Qual a razão? Aí, já é pedir demais. Uma das explicações que
mais li ou ouvi quando a questão
da disseminação do futebol nos
Estados Unidos era mais discutida do que agora dizia respeito a
uma outra idiossincrasia do norte-americano. No caso, a idiossin
crasia da abundância.
Basquete da NBA termina, invariavelmente, com quase 200 pontos marcados, às vezes com até
mais que isso. Futebol não dá para a saída. Zero a zero é impossível
no basquete. No futebol, é até comum.
Quem patrocina a transmissão
de jogos de basquete pela TV pode contar com a presença permanente do telespectador na sala,
durante o jogo inteiro. Os pedidos
de tempo (inexistentes no futebol) e os intervalos já são programados, cientificamente, para permitir saidinhas rápidas. Durante
o jogo, não dá, porque a bola não
pára, e o placar muda a intervalos
de segundos.
No futebol, ao contrário, são
enormes as chances de o telespectador sair para uma rápida visita
ao banheiro e voltar sem que o
enredo do jogo tenha sido substancialmente alterado.

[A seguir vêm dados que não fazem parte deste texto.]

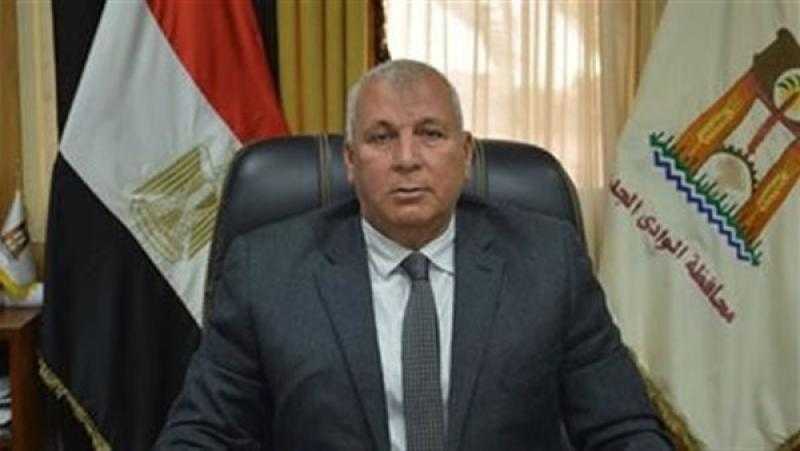 محافظ الوادي الجديد: توجيهات الرئيس وراء وصولنا لـ5 ملايين نخلة من أجود أنواع النخيل
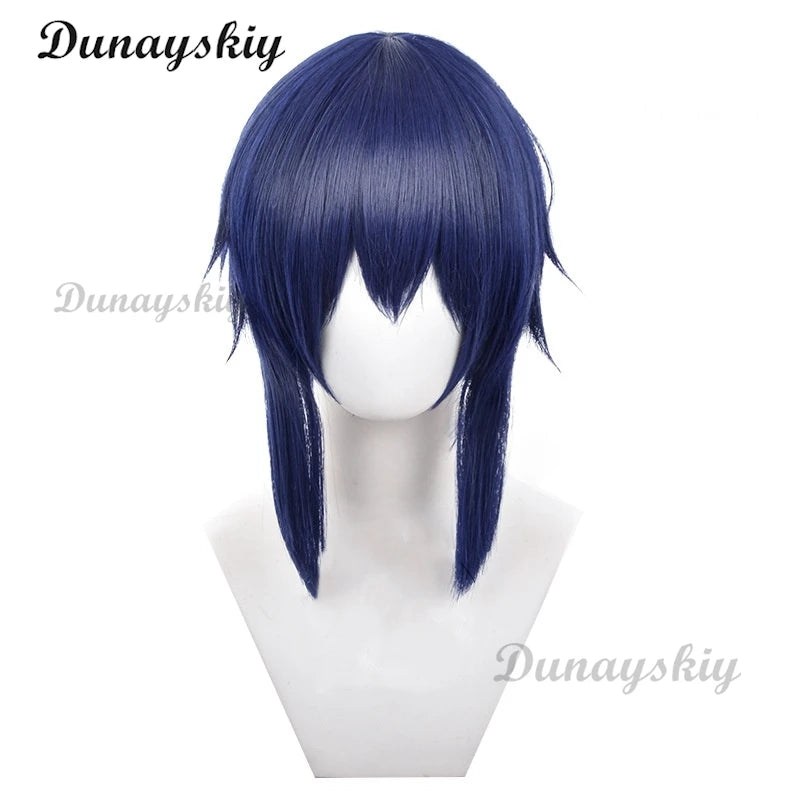 Shugo Chara Anime Woman Cosplay Tsukiyomi Utau Cosplays Tsukiyomi Ikuto Costume Halloween Costumes Adult Women's Womens Suit Men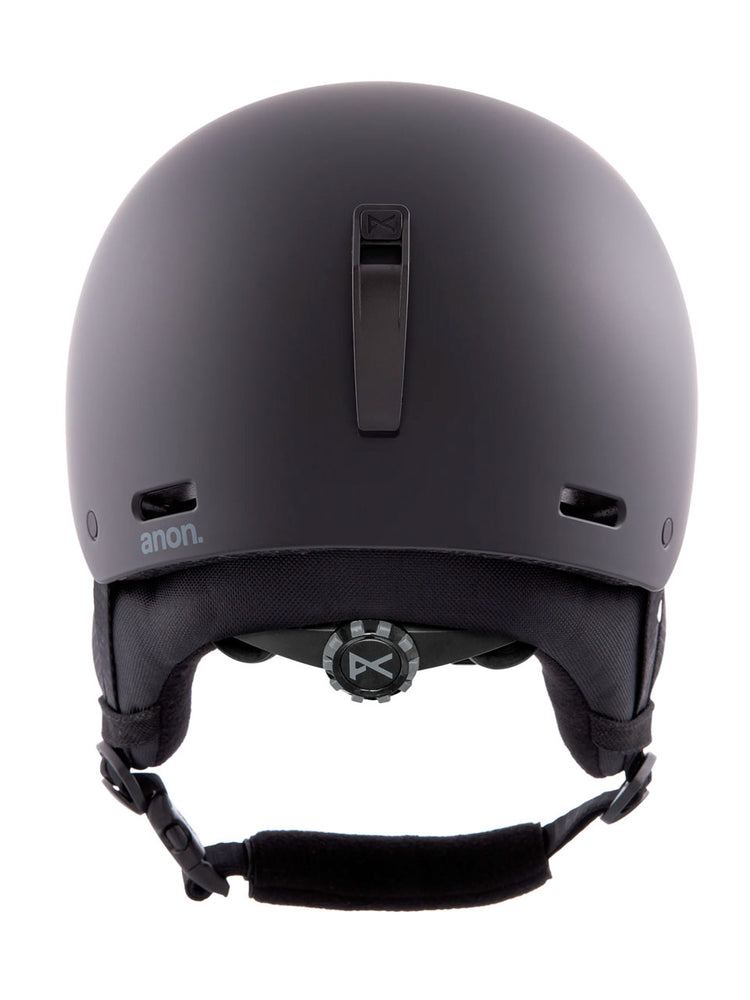 ANON RAIDER 3 HELMET - BLACK - 2025 HELMETS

Tudo somado, parece altamente
improvável que, mesmo que houvesse uma campanha bilionária
para popularizar o futebol na
América, os americanos fossem
de fato tornar-se invencíveis como o são no basquete.
Basta dizer que chegaram a levar Pelé para o Cosmos, de Nova
York. Não adiantou nada. Ainda
bem. Nestes tempos em que um
certo George Walker Bush acha
que tudo pode, pelo menos no futebol eles não podem muita coisa.